- Film poster
- Directed by: Peter Ustinov
- Written by: Peter Ustinov
- Produced by: Walter Thompson
- Starring: Peter Ustinov Sandra Dee John Gavin
- Cinematography: Robert Krasker
- Edited by: Renzo Lucidi
- Music by: Mario Nascimbene
- Production company: Pavla Productions
- Distributed by: Universal Pictures
- Release date: 8 June 1961;
- Running time: 103 minutes
- Country: United States
- Language: English

= Romanoff and Juliet (1961 film) =

1961 film

Romanoff and Juliet is a 1961 American Technicolor romantic comedy film adaptation of the play Romanoff and Juliet, which was itself loosely based on Romeo and Juliet by William Shakespeare, released by Universal Pictures. Peter Ustinov wrote the screenplay, directed, and starred in the film. It co-starred John Gavin as Igor and Sandra Dee as Juliet. The film was shot in Italy.

==Plot==
A vote in the United Nations is deadlocked. The deciding vote goes to the tiny, obscure European Republic of Concordia. Its president, known as the General (Peter Ustinov), abstains from voting. To remedy the issue, ambassadors from the United States and Soviet Union attempt to win the General's favor.

Juliet Moulsworth (Sandra Dee) and Igor Romanoff (John Gavin) meet at a party, not knowing that Juliet is the daughter of the American ambassador and Igor is the son of the Soviet ambassador. They instantly fall in love and spend the whole night talking. Before they part the next morning, they are distressed to discover each other's parentage.

Juliet's fiancé, Freddie, writes to say he's coming to visit her in Concordia. Panicked, she confesses to her parents that she's not in love with Freddie, but rather with Igor. Her parents are shocked and horrified. Meanwhile, Igor is informed by his parents that they have arranged a marriage for him and the prospective bride will soon arrive. Igor informs them that he has fallen in love with Juliet and they react in a similar manner as Juliet's parents.

Otto, an adviser to the General, fears that their small nation will be invaded should they continue to abstain from voting. Lacking any formal military, the two of them make an unconventional plan to save Concordia. They begin by intimidating the larger nations with a fake atomic bomb detonation. They follow this up by putting together a volunteer army out of patriotic civilians, complete with fake air raids and chaotic, nonsensical military exercises.

A Soviet spy informs the General that Igor will kill himself if he cannot be with Juliet. The General hurries to Igor and stops the young man by promising he will see his beloved within the hour. The General goes to Juliet, who tells him she can't be with Igor for the sake of her parents.
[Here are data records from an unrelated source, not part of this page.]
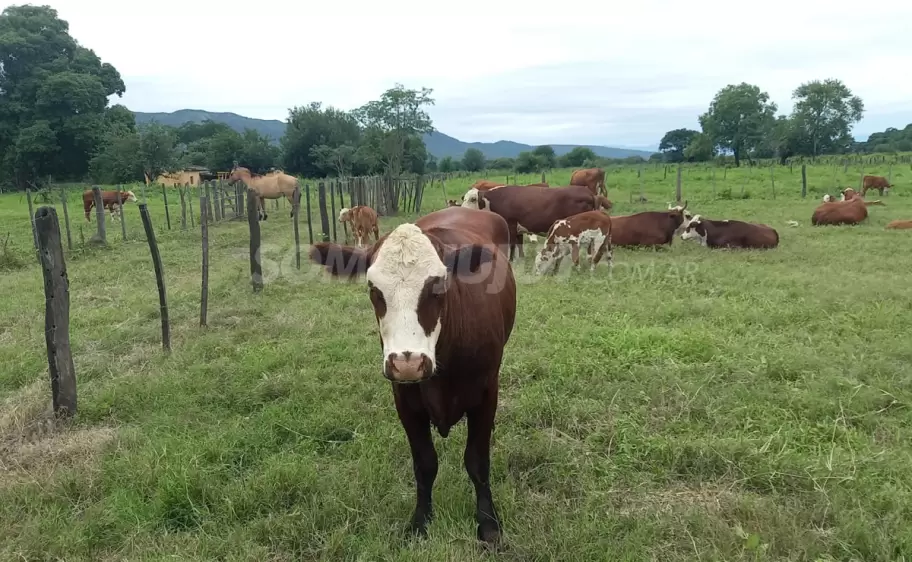 vacas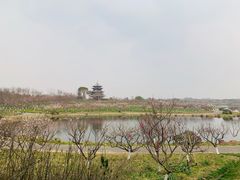 -上海海湾国家森林公园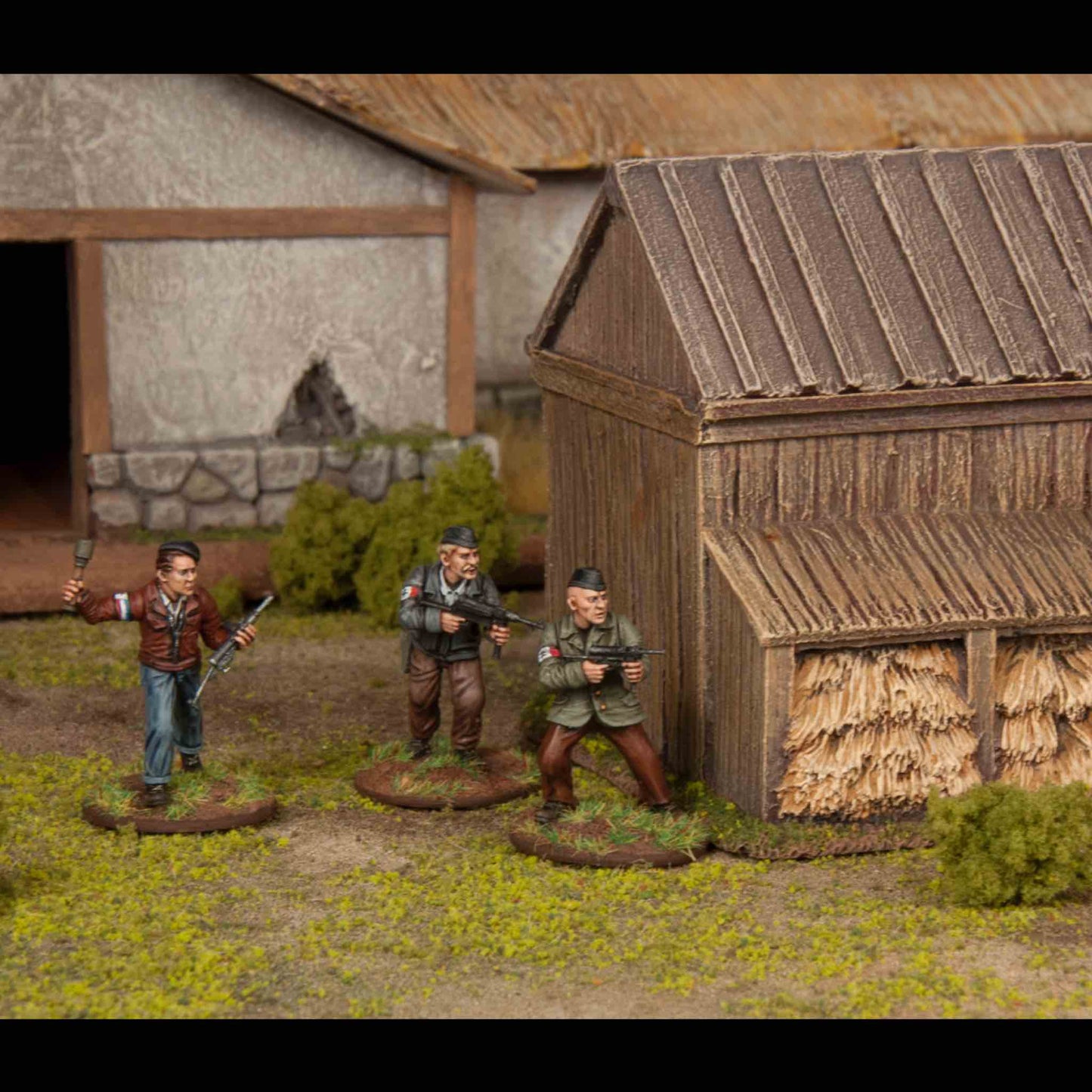 Partisans (1) French Resistance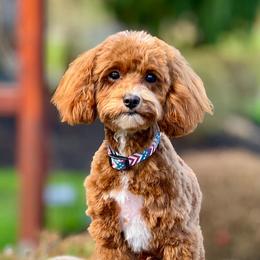 Hardy - Cavapoo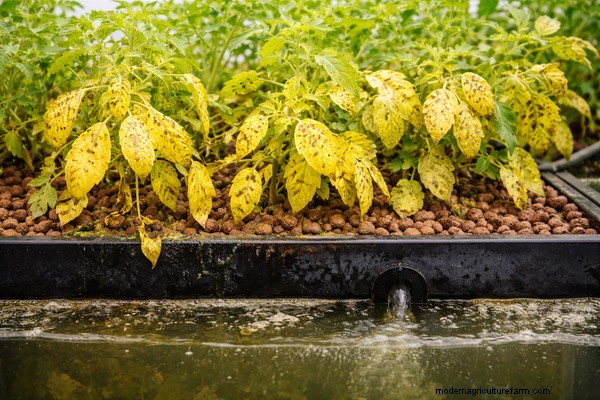 Risoluzione dei problemi dell acquaponica:10 segnali di squilibrio e soluzioni 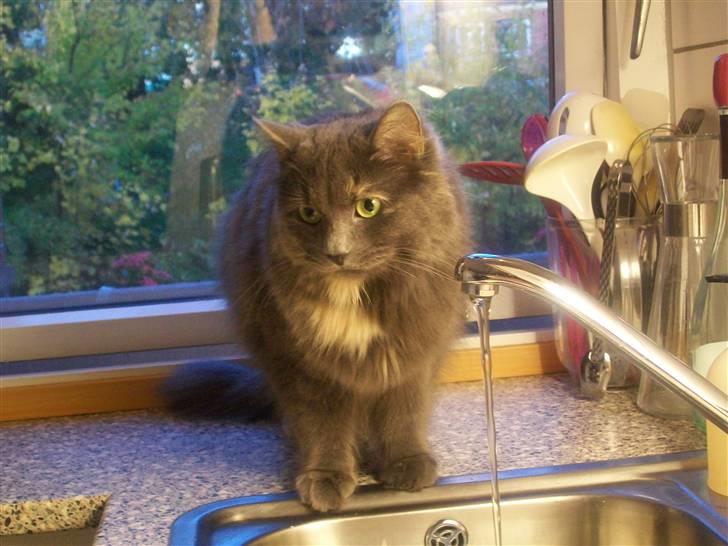 Blanding af racer Luka - hun kan bedst lide vandet fra vandhanen. billede 6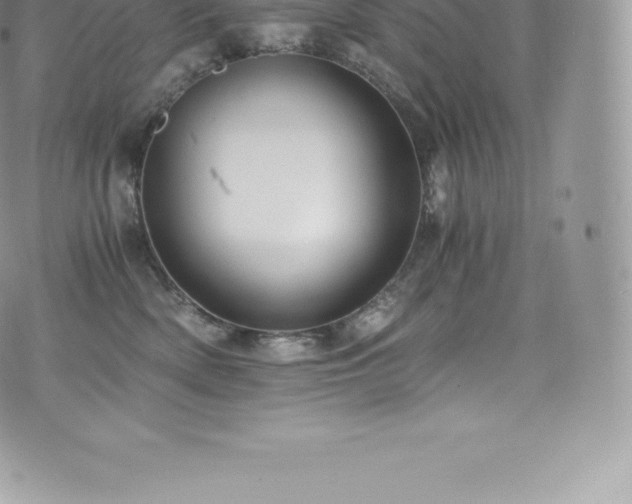 X0000073900522200608111133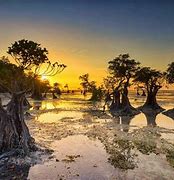 Image result for Pantai Sumba Nusa Tenggara Timur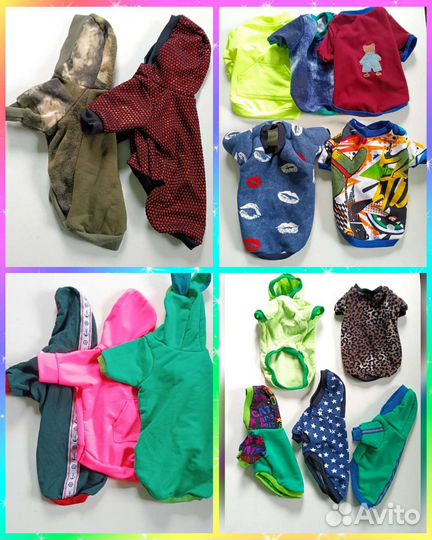 Одежда для животных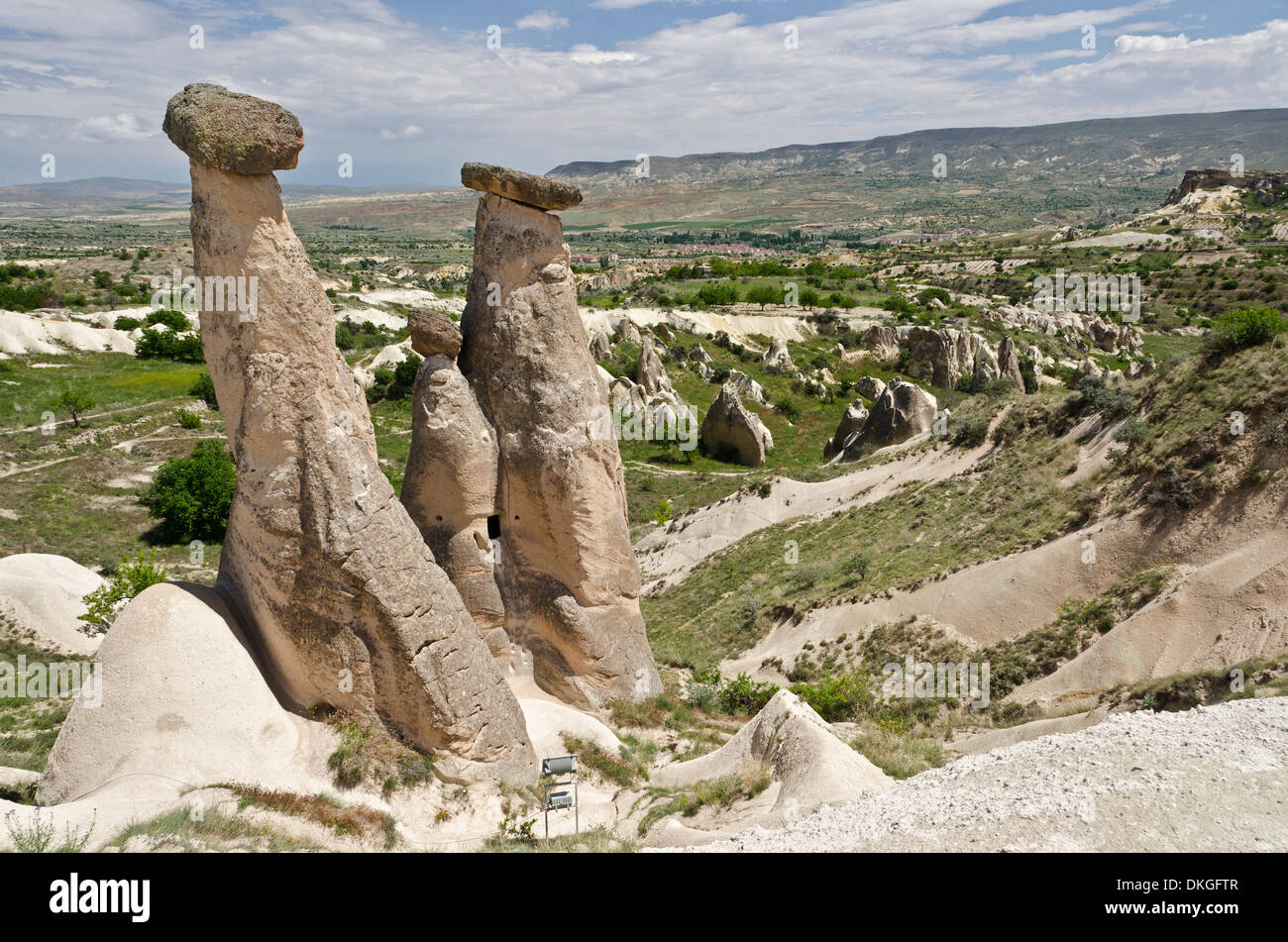 Colonne di roccia, Cappadocia, Anatolia, Turchia, Asia Foto Stock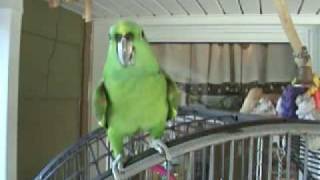 Verjaardagskaarten, De papagaai Boozle zingt voor je verjaardag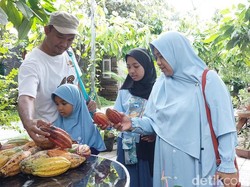 Kampung Coklat Blitar Diserbu Pemudik Saat Libur Lebaran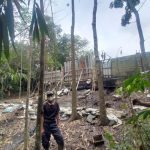 Akhir Usaha Limbah Ayam Ilegal Penyebab Bau Di Lebak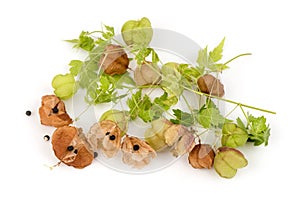 Balloon vine or cardiospermum halicacabum fruits ,seeds and branch green leaves isolated on white background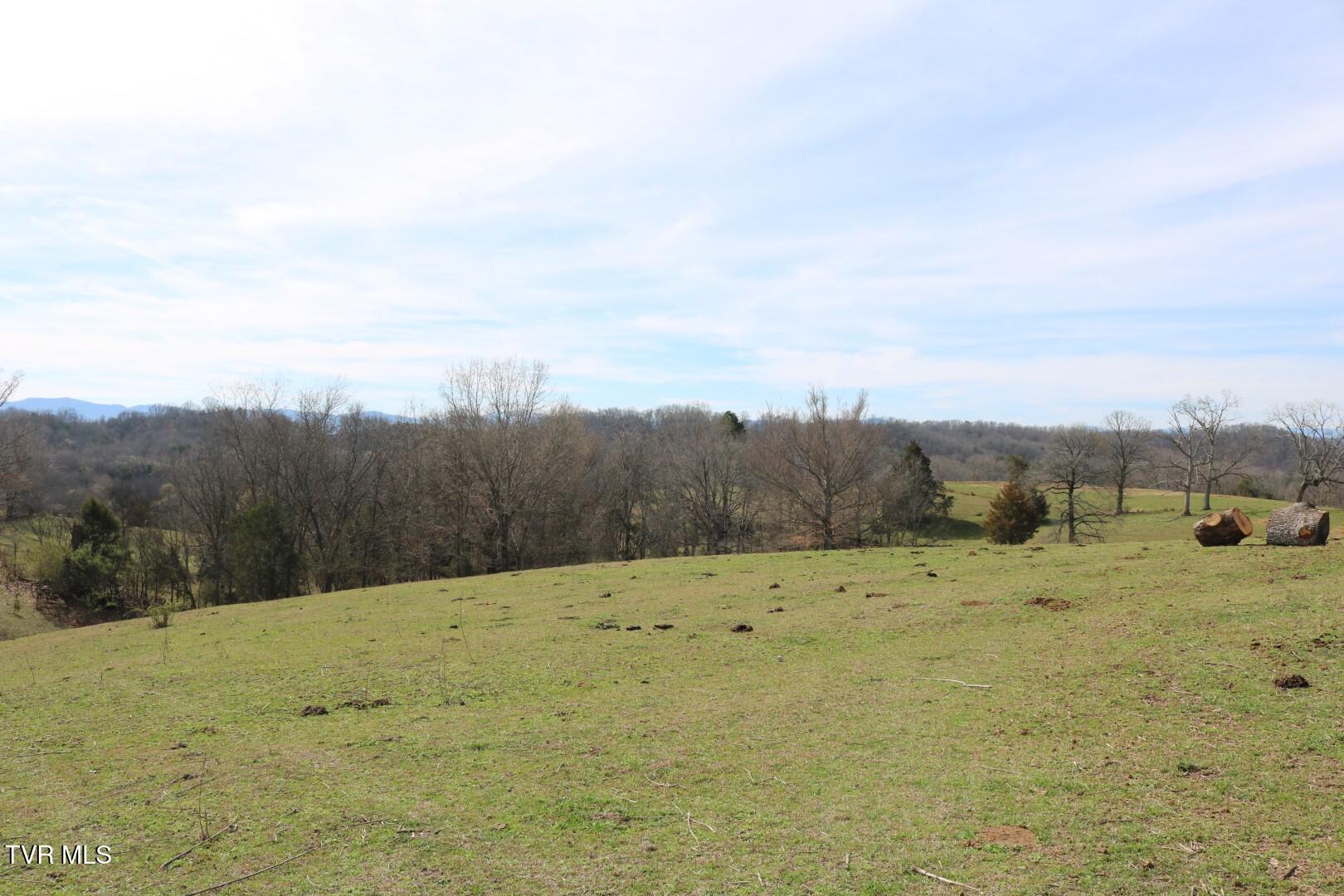 875 Pates Hill Road, Mosheim, Tennessee image 22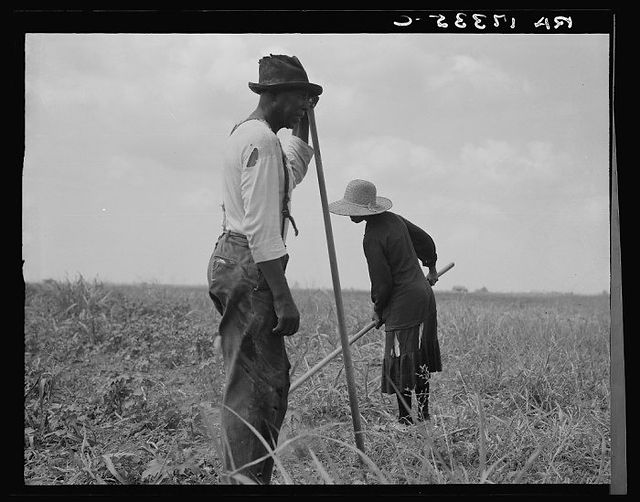 Sharecroppers in Greene County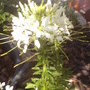 Cleome (Cleome hassleriana)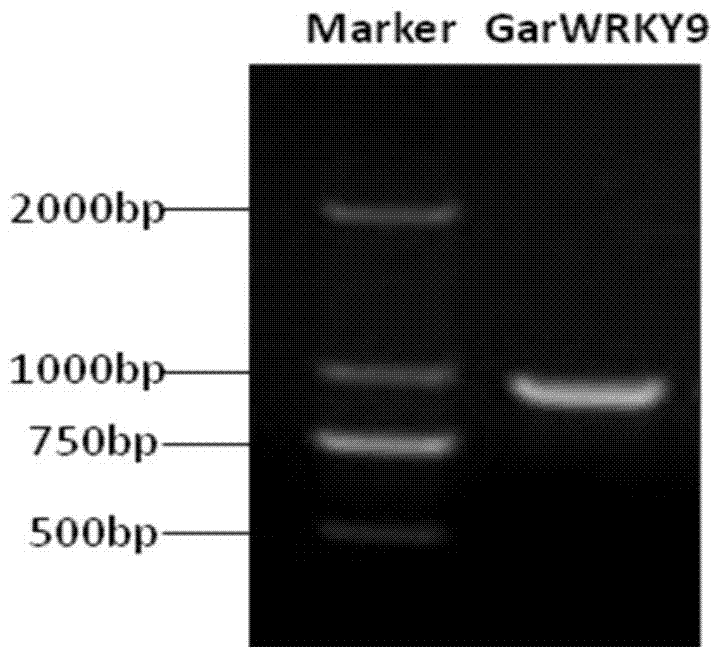 Gossypium aridum WRKY transcription factor GarWRKY9 for regulating blossoming of plant and application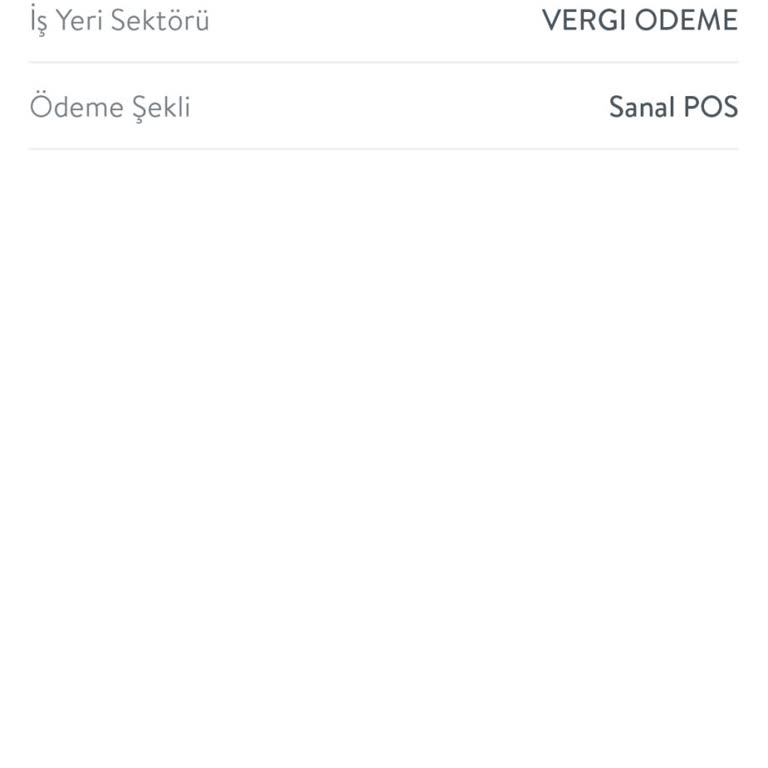 Ödenmiş Trafik Cezalarının E-devlette Görünmesi Sorunu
The General counters that she must listen to her own heart's desires.

The General presides over a celebration of Concordia's history with the American and Soviet ambassadors and their wives in attendance. A seemingly fake marriage ceremony turns out to be a real one between Juliet and Igor, who have disguised themselves. They are wedded on the steps of a church by a Concordian priest.

The General asks the ambassadors if they are ready to surrender to the inevitability of love, which they refuse. The General pretends to order a firing squad on the parents, only to reveal that Concordia has never made nor purchased ammunition. Dancing in the streets ensues. Igor asks the General how they can thank him. The General replies he should be thanking them, as they've proven love cannot be defeated. He will go to the United Nations to report on Concordia's victory.

==Cast==
- Peter Ustinov as The General
- Sandra Dee as Juliet Moulsworth
- John Gavin as Igor Romanoff
- Akim Tamiroff as Vadim Romanoff
- Tamara Shayne as Evdokia Romanoff
- Alix Talton as Beulah
- Rik Van Nutter as Freddie
- John Phillips as Hooper Moulsworth
- Peter Jones as Otto
- Suzanne Cloutier as Marfa Zlotochienka

==Awards==
Ustinov was nominated for the Golden Bear at the 11th Berlin International Film Festival and the Directors Guild of America Award for Outstanding Directorial Achievement in Motion Pictures.